Tugboats spend a large portion of their operating time idling while not actively engaged in towing or maneuvering operations. This can be caused by late ship arrivals, port congestion and other port disruptions. The average waiting time of container ships at European ports may exceed several hours (Lind et al., 2018), and this number can be even larger for ferry and cruise ships. Other parties involved in ship service, including tugboats, are also affected by excessive ship waiting times. Studies have shown that tugboats are often operated at low engine loads despite being equipped with large diesel engines sized for the maximum bollard pull capacity. There are various reasons for tugboat idle time, including waiting for task assignments at ports, being on standby for emergency response, delays in ship berthing/unberthing due to congestion or operational issues, and a mismatch between the main engine capacity and average load profile. Excessive idling has a number of disadvantages, such as wasted fuel, increasing emissions, engine wear and tear over time, generating air and noise pollution at ports, and leading to higher operating costs for tug owners.

The study conducted by Boyd and Macpherson (2014) analyzed typical tugboat duty cycles for different modes, such as transit, assist and barge moving. The results showed that tugs operate at full-rated power less than 10% of the time and at low power 80–90% of the time. With a power threshold of 360 kW, tugs operate below this threshold 87% of the time. The highest energy modes occur briefly while low power modes are prolonged. Harbor duty tugboats generally spend more time in the idling mode when compared to ocean duty tugs. This indicates significant potential for optimization and alternate power sources. Strategies to reduce tugboat idling and improve efficiency include the use of variable-speed diesel drives to optimize engine speed for power demand, installation of batteries/hybrid systems for low load operations, use of scheduling tools for just-in-time operations planning and providing shore power charging infrastructure for electric tugs. With new technologies and smarter practices, tugboat idle time can be substantially reduced to cut fuel use, emissions and electricity. Hybrid tugboats can substantially reduce their fuel consumption when powered by onshore charging stations during the idling time periods.

5.4 Econometric insights

A total of three econometric analyses were conducted as a part of this study for conventional diesel, electric and hybrid tugboat alternatives, including the following (1) analysis of the impacts of changing interest rates, (2) analysis of the impacts of changing initial investment costs and (3) analysis of the impacts of changing annual costs. The analysis conducted for changing interest rate values showed that the electric tugboat alternative would be the best option for scenarios with low interest rate values. Increasing interest values negatively impact the salvage value of electric tugboats, which is the highest among all the considered tugboat alternatives. The conventional tugboat alternative would be the most promising for scenarios with high interest rate values.

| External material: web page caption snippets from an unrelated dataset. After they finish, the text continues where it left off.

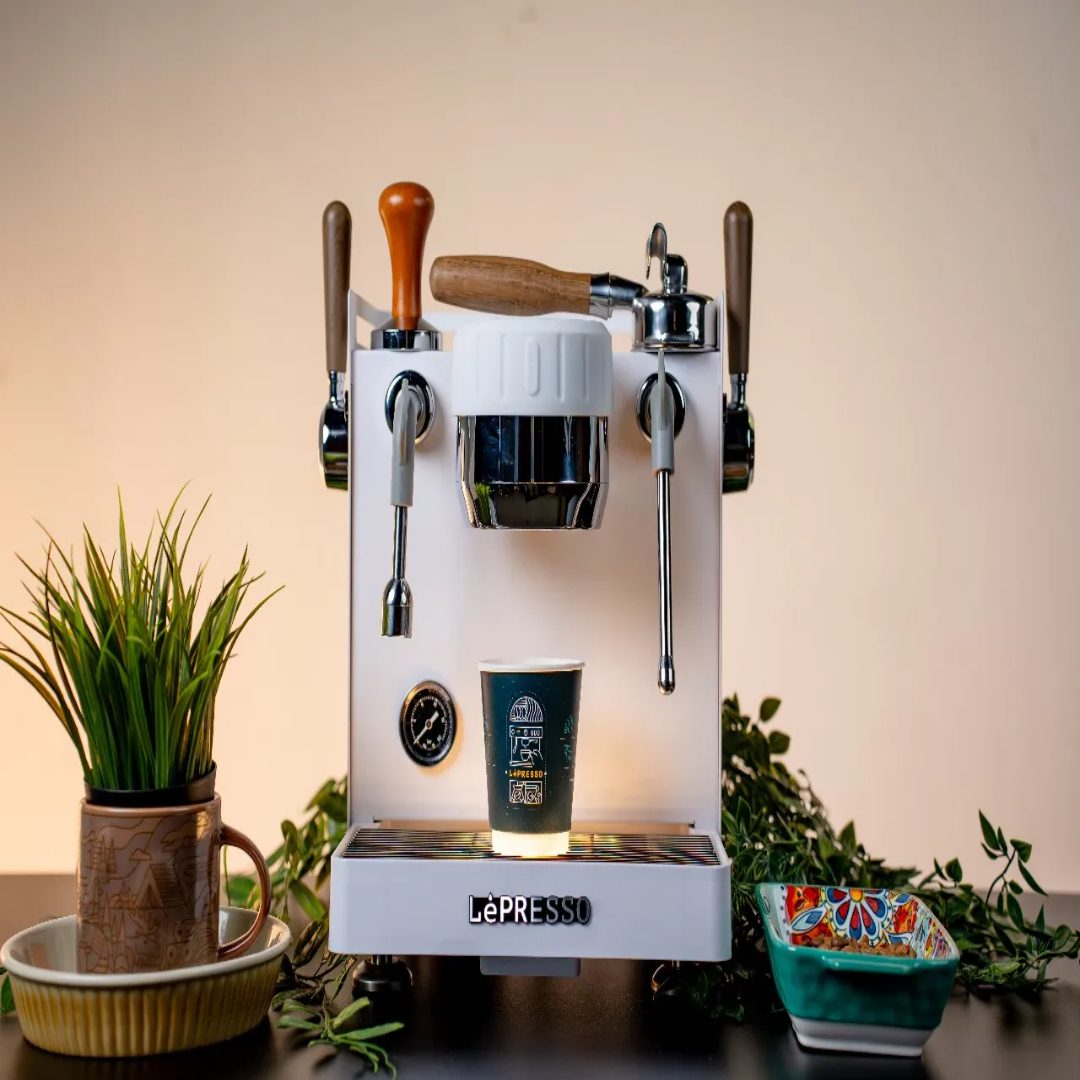 LePRESSO Espresso Coffee Machine 4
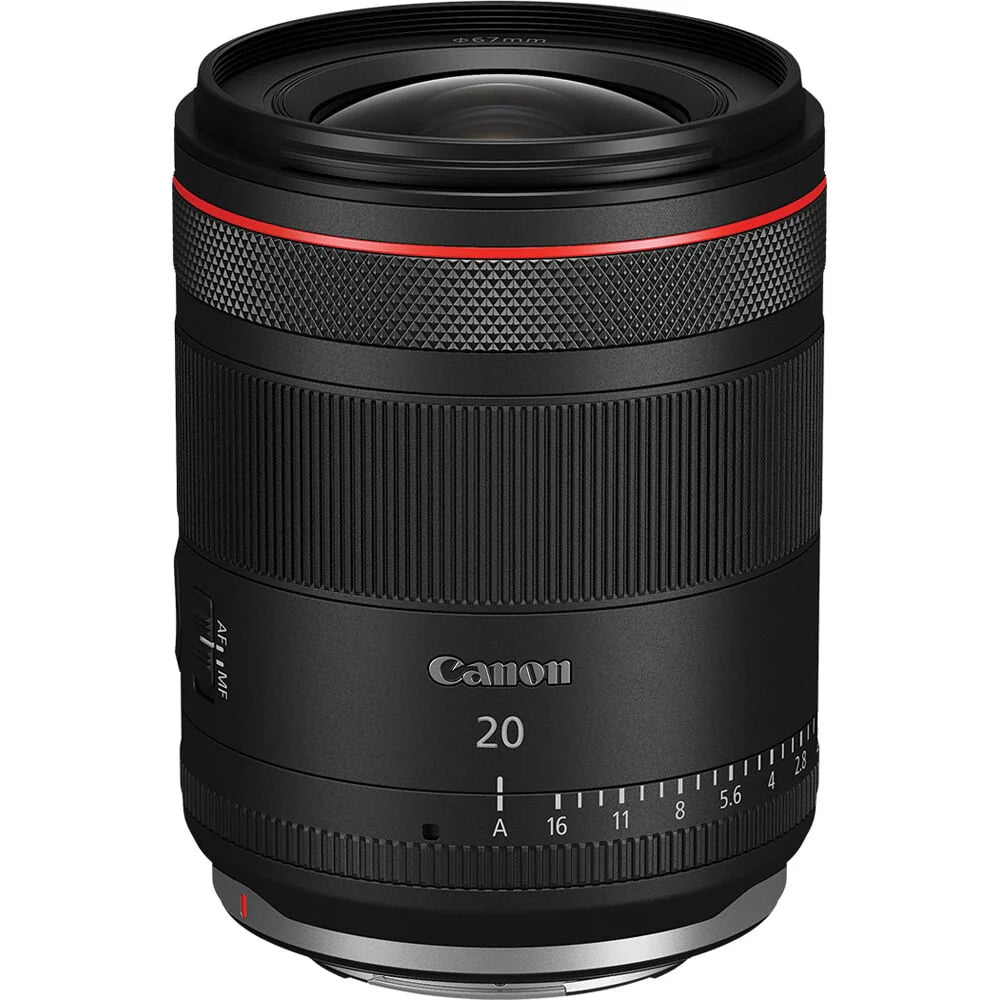 Canon RF 20mm f/1.4 L VCM Lens Camera tek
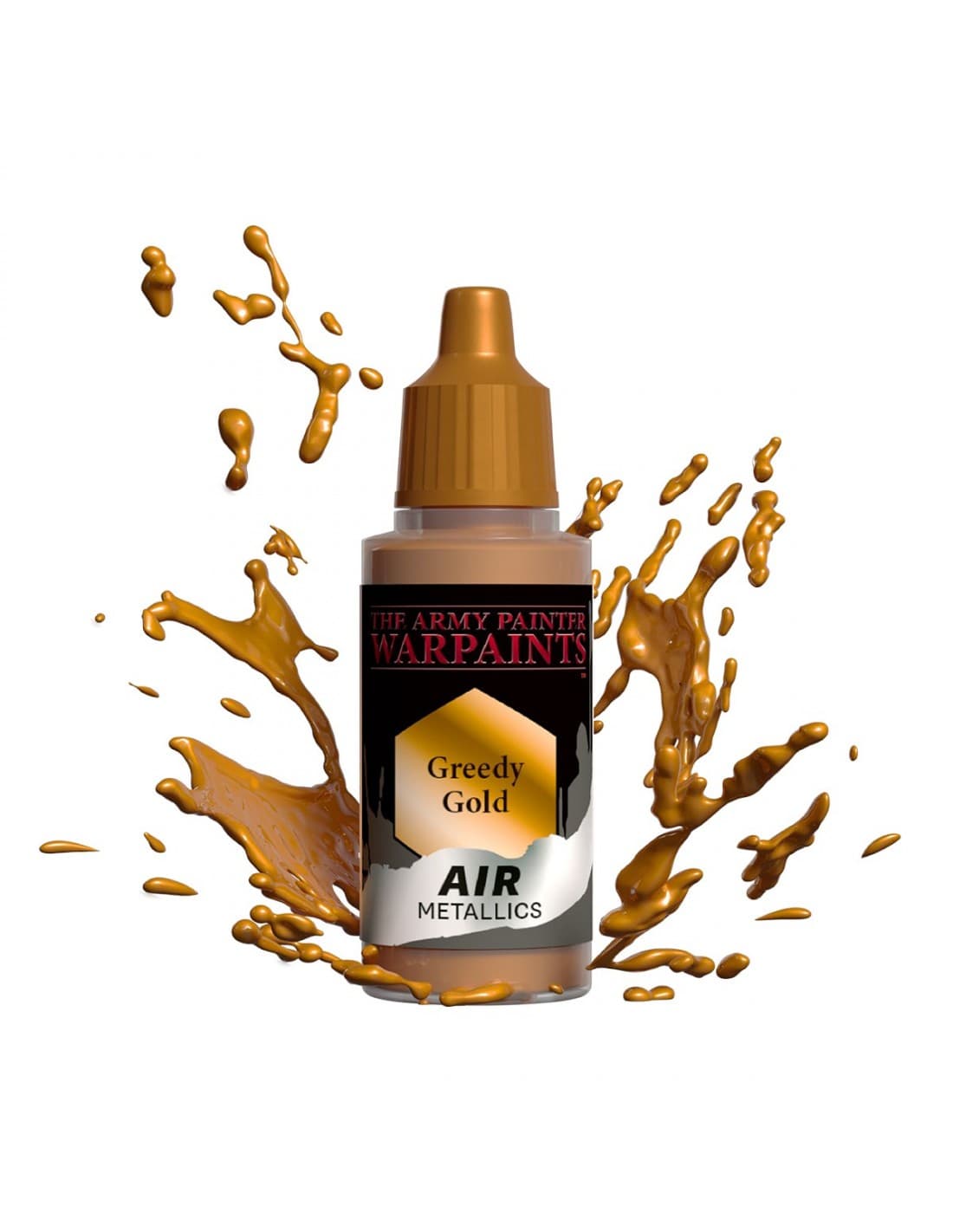 Greedy Gold - Air - Metallic - Warpaints - The Army Painter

It is also expected that for long-term planning (i.e. with a time horizon exceeding 10 years), the electric and hybrid tugboat alternatives will become preferential since they have lower annual costs when compared to the conventional diesel tugboat alternative.

Furthermore, the conventional tugboat alternative seemed to be the most promising alternative for all the considered initial investment scenarios. The findings from the conducted analysis confirm that the initial investment costs are much more significant for electric tugboats when compared to conventional diesel tugboats. New options should be investigated in the following years to reduce the initial investment costs for electric tugboats (e.g. more cost-effective alternatives for onshore charging infrastructure and exploration of renewable energy sources). The hybrid tugboat alternative could also benefit from reduced initial investment costs; so, this alternative could become more affordable for different stakeholders. Moreover, the conventional tugboat alternative seemed to be the most promising alternative for all the considered annual cost scenarios. Such a pattern can be explained by uniform changes in the annual cost (i.e. the base annual cost was increased by the same amount from one scenario to another for all the considered tugboat alternatives, and the same values of subsequent annual cost increases were applied as well). Taking into account the existing uncertainties in the energy market, conventional diesel tugboats may be more susceptive than the electric and hybrid tugboat alternatives and experience greater annual cost increases from one year to another. Therefore, as indicated earlier, electric and hybrid tugboats could be a more promising option for the long term.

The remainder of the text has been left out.